Short descriptive text snippets:
* * * * * * * * *
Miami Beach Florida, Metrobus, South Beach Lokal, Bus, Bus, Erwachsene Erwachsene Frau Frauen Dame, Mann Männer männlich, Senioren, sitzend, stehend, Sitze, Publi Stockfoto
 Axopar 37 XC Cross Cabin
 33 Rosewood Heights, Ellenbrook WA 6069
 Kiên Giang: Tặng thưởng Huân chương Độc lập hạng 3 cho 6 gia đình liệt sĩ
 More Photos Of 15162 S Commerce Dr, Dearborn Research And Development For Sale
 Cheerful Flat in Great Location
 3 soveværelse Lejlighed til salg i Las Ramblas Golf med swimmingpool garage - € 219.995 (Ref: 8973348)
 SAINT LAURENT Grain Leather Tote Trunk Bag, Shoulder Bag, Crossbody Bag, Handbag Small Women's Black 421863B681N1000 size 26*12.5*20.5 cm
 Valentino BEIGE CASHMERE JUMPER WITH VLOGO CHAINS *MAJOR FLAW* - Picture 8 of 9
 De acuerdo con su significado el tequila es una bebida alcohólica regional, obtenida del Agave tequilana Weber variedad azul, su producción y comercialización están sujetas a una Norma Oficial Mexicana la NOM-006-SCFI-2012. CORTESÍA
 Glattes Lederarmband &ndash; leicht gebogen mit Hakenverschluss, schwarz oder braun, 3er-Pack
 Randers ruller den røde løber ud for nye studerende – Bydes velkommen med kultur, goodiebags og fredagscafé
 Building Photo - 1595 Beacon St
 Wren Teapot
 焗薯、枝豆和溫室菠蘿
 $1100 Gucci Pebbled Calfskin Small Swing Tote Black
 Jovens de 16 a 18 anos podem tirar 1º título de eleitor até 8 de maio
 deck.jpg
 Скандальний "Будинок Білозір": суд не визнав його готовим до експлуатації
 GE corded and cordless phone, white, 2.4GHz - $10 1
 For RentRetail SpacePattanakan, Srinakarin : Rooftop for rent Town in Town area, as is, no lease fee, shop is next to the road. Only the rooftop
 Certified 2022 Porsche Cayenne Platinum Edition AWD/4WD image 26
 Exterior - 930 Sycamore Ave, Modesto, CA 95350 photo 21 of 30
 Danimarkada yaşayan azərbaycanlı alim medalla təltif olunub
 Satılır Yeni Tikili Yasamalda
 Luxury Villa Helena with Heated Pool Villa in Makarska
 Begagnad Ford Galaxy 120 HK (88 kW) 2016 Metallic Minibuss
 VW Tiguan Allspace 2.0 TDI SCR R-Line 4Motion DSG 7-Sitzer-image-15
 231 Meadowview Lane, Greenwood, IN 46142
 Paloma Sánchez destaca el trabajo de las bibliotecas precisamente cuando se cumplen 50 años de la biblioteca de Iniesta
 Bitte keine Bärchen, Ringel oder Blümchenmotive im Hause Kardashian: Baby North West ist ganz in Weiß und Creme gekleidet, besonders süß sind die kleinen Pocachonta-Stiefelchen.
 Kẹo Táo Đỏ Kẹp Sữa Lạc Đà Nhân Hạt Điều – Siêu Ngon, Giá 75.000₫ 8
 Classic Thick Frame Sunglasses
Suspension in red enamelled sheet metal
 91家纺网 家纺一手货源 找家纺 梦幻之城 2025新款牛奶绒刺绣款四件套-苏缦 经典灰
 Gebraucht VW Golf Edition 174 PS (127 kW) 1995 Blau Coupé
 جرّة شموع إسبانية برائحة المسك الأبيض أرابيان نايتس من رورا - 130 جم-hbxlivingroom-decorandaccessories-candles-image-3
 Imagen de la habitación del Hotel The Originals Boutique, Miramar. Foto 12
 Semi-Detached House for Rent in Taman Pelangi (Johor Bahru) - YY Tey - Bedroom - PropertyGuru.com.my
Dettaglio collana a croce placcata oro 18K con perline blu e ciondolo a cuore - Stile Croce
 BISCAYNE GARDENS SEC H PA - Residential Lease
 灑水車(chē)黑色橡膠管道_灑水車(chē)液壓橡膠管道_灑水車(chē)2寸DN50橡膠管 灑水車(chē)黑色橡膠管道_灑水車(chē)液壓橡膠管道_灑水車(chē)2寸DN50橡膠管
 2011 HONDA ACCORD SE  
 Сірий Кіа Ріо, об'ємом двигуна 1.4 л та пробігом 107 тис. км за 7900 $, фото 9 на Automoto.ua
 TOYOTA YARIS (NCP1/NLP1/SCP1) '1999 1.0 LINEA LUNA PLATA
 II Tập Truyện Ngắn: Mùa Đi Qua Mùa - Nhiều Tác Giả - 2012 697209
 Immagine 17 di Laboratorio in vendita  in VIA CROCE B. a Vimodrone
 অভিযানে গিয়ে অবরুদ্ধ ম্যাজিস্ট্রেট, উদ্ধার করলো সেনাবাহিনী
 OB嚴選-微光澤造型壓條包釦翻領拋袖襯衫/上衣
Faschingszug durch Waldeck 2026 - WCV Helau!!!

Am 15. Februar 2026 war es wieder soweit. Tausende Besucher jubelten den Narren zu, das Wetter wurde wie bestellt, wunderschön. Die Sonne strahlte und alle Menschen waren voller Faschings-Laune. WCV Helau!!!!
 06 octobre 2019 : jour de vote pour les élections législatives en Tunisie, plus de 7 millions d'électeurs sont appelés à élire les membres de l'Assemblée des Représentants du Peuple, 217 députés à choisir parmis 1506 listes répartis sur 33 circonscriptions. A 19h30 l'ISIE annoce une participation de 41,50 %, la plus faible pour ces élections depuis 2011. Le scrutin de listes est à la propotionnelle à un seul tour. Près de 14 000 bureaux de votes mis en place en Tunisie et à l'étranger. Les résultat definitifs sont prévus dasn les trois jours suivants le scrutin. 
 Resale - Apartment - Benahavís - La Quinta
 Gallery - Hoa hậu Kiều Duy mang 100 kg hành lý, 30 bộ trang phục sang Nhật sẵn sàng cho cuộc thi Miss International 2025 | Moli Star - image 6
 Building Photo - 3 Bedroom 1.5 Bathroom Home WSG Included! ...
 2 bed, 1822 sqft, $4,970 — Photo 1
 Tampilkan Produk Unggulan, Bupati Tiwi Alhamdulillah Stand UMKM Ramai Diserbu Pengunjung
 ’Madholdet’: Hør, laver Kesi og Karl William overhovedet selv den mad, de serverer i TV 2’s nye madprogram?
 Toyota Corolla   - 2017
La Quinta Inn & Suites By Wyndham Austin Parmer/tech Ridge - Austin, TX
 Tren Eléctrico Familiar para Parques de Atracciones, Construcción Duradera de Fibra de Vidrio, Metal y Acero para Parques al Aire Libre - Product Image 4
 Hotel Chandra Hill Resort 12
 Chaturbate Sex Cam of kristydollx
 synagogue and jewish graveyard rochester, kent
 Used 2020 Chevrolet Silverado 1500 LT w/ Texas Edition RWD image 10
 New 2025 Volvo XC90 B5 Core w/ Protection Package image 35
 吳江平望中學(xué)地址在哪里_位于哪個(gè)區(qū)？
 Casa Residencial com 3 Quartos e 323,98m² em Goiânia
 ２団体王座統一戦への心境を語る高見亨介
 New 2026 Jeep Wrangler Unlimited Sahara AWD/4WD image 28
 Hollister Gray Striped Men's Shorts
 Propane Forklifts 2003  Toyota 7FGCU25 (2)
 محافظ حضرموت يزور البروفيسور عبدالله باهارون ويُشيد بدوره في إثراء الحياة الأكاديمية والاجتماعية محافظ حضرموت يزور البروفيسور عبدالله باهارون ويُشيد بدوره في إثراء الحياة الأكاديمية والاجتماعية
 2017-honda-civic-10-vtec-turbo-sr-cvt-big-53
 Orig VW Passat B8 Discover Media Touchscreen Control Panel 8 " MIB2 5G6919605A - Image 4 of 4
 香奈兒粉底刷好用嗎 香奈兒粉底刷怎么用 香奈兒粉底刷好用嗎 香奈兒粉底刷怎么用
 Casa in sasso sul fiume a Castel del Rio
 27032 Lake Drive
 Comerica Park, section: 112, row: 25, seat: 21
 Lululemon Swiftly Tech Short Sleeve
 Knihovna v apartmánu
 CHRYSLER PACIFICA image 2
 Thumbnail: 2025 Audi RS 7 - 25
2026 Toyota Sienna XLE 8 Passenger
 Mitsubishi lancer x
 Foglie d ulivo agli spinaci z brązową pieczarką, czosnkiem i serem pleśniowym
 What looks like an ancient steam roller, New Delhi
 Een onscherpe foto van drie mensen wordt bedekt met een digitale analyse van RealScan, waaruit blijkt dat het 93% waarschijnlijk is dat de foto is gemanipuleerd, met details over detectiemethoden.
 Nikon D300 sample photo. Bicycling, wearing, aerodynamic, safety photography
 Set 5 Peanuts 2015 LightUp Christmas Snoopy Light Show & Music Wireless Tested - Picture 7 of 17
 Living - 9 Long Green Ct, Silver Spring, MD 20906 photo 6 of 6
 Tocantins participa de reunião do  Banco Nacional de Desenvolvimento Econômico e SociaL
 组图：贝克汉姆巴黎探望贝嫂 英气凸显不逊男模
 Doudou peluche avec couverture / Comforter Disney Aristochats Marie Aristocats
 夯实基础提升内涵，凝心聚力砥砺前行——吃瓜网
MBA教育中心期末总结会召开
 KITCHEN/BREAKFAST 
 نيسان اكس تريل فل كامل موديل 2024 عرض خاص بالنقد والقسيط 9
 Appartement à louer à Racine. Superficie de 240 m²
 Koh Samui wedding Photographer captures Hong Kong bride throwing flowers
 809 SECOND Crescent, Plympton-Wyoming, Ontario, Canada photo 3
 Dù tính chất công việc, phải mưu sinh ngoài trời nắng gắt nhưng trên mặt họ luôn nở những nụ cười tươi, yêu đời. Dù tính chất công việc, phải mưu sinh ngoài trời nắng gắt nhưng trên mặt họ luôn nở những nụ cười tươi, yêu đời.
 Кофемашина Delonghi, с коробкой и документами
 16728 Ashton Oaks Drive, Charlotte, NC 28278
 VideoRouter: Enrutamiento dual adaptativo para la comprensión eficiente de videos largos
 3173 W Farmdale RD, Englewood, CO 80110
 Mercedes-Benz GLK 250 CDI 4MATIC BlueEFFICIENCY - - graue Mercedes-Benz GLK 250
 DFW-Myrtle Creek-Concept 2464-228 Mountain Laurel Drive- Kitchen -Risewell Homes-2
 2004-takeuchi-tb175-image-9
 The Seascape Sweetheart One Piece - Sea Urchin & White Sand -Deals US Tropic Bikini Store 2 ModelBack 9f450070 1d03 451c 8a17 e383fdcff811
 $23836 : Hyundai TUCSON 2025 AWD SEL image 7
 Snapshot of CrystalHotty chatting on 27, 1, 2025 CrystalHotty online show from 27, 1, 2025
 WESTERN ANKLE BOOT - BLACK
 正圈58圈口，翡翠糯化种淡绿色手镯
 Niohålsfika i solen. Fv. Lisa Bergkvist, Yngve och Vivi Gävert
* * * * * * * * *
• **Exercise directions**
Only lines holding the word "Bedroom" are wanted, so copy each of them from the records above.

• **Your response**
 Semi-Detached House for Rent in Taman Pelangi (Johor Bahru) - YY Tey - Bedroom - PropertyGuru.com.my
 Building Photo - 3 Bedroom 1.5 Bathroom Home WSG Included! ...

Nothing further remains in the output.